Reeve has coached Maya Moore, Lindsay Whalen, Rebekkah Brunson and Seimone Augustus to four finals appearances since 2011, a record of 21-3 at home in the playoffs and 30-14 overall, a level of dominance rarely achieved in this league.
Whalen and Brunson are 33. Augustus is 31. And all three have dealt with injuries that have slowed them and led some to wonder just how much longer can the Lynx hold on.
The proud veterans answered emphatically on Wednesday night in the WNBA's first Game 5 since 2009. A tight, hard-fought series through four games unexpectedly turned into a runaway in the series finale, with a determined team hell bent on celebrating in front of their loyal fans for the first time after winning the first two championships on the road.
After struggling most of the series, Augustus and Brunson delivered vintage performances. Augustus scored 16 points, an offensive outburst so essential with Moore posting a quiet five points on 1-for-8 shooting. Brunson grabbed 14 rebounds and provided the defensive muscle that set the tone for a suffocating night.
"It's been very hard," Augustus said. "I knew at some point it would come together for me. Getting healthy all year and still getting healthy. Glad I could be out there for my teammates."
Tamika Catchings had 18 points and 11 rebounds for the Fever, who were looking for their second championship. But they turned the ball over 21 times and shot just 35.7 percent as they were swallowed up by the Lynx defense and nearly 19,000 white towel-waving fans.
"This was a team that was on a mission and they played like it," Fever coach Stephanie White said. "They've been one of the premier teams in our league for a long time, and tonight you saw a reason why."
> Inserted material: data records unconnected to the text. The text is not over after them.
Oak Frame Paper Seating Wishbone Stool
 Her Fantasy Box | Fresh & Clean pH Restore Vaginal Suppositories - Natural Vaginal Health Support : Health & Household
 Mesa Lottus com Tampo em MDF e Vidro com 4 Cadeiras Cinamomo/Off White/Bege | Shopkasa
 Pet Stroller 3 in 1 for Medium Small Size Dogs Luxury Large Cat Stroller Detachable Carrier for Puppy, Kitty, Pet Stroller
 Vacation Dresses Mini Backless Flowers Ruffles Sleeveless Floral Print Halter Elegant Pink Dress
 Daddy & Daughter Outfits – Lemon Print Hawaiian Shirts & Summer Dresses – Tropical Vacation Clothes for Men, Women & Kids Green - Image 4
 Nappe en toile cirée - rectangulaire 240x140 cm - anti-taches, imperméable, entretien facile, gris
Injuries to Augustus, Brunson and Whalen and a midseason trade that changed the team's dynamic by bringing Fowles into the post made this season a grind. Add to it the discussion about the age of three of the four members of their core, and it spurred them on to one more run.
"I think Lindsay, Seimone, Maya and Rebekkah kind of heard the words of kind of that they were old, older, whatever it was, and that this thing was coming to an end and maybe even this year we weren't going to be able to get through the year," Reeve said. "I think that some of those things kind of fueled this group. At the same time, it made them appreciate things."
Augustus wept on the court as the celebration kicked off. Whalen, the hometown girl, soaked up the cheers from the crowd. Moore leaped on to the scorer's table and pumped her fist.
"We want to be great all the time, and we weren't able to do that every minute of every game," Moore said. "I think that was our biggest struggle of trying to get over our perfectionism and just pushing through and not quitting and not giving up and bouncing back, play after play, game after game."
The 36-year-old Catchings, who has said she plans to play just one more season, walked into the boisterous Lynx locker room after the game to congratulate them, many of whom she's played with on Team USA. Catchings knows as well as anyone how quickly time passes in the league.
She spurred the Fever to that upset of the Lynx in 2012, giving the organization its first championship. And she desperately wanted another one. When the Fever trailed by 23 in the fourth quarter, she led a charge that trimmed the deficit to 11. But by then it was too late.
"One thing I told (my teammates) in the huddle, there's nothing to hang your head about," Catchings said. "We played, and we fought, and we did every single thing that we possibly could. Every single thing the coaches asked of us, we did. So I'm proud of this group."